Le parcours d'un jeune réfugié au Mozambique devenu directeur d'école aux États-Unis
La réinstallation a donné une nouvelle chance à Bertine Bahige. Cet ancien réfugié congolais n'aurait jamais imaginé qu'il se sentirait un jour chez lui au Wyoming.
Bertine Bahige, 38 ans, directeur de l'école élémentaire de Rawhide à Gillette, dans le Wyoming.
© HCR/Cynthia Hunter
Bertine Bahige qui a grandi à Bukavu en République démocratique du Congo (RDC), travaillait dur pour devenir médecin.
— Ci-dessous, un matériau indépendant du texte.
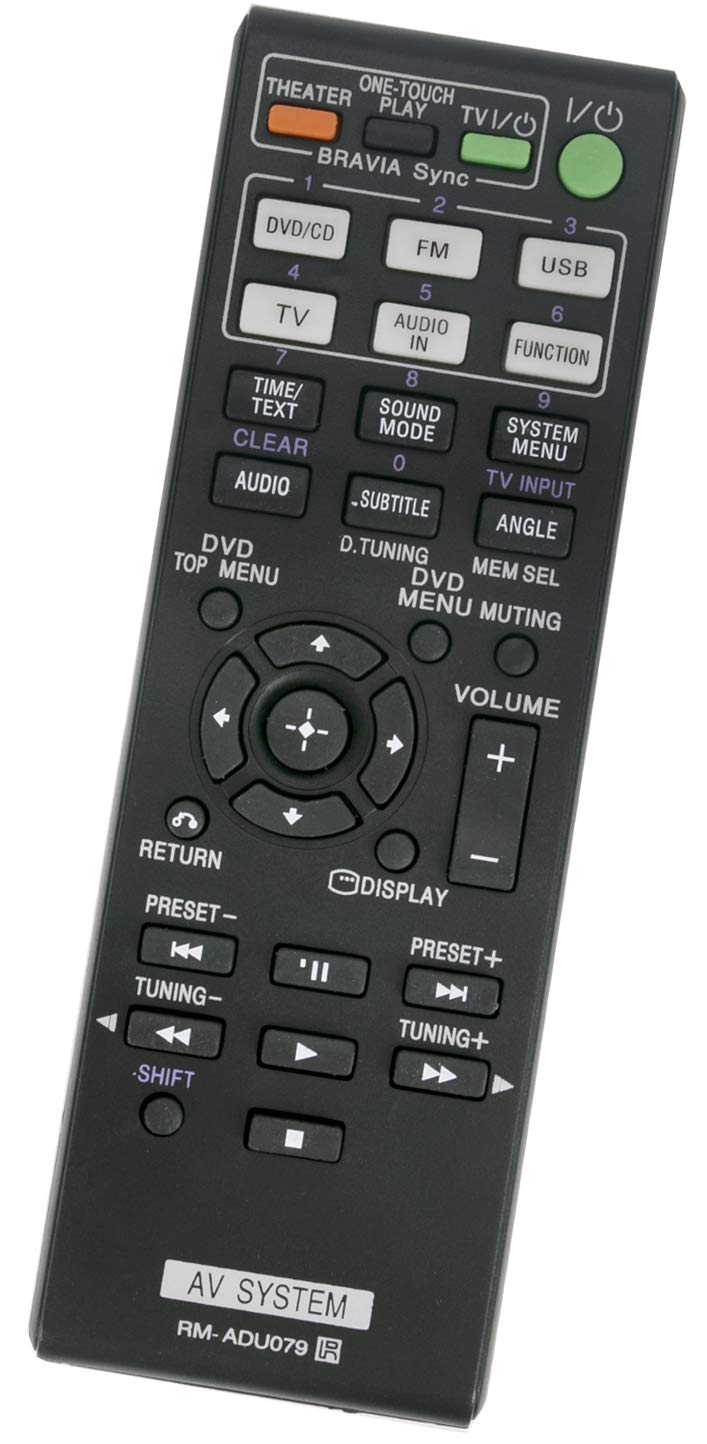ALLIMITY RM-ADU079 Remote Control Replacement for Sony DVD Receiver DAV-TZ710 DAV-TZ510 DAV-TZ210 DAV-DZ730 DAV-DZ340 HBD-TZ230 DAV-TZ715 DAV-TZ630 DAV-TZ230 DAV-DZ740 DAV-DZ710 DAV-DZ330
À 13 ans, il savait déjà exactement ce qu'il allait faire de sa vie… Ou c'est du moins ce qu'il pensait.
Tout a basculé le jour où le groupe rebelle Maï-Maï a fait irruption dans sa ville natale de l'est de la RDC, allant de maison en maison pour kidnapper de nouvelles recrues.
« Il n’y a rien de pire », raconte Bertine d'une voix brisée. « Regarder vos parents dans les yeux et comprendre que vous êtes sur le point d'être séparé pour toujours de tout ce qui a jamais compté dans votre vie. »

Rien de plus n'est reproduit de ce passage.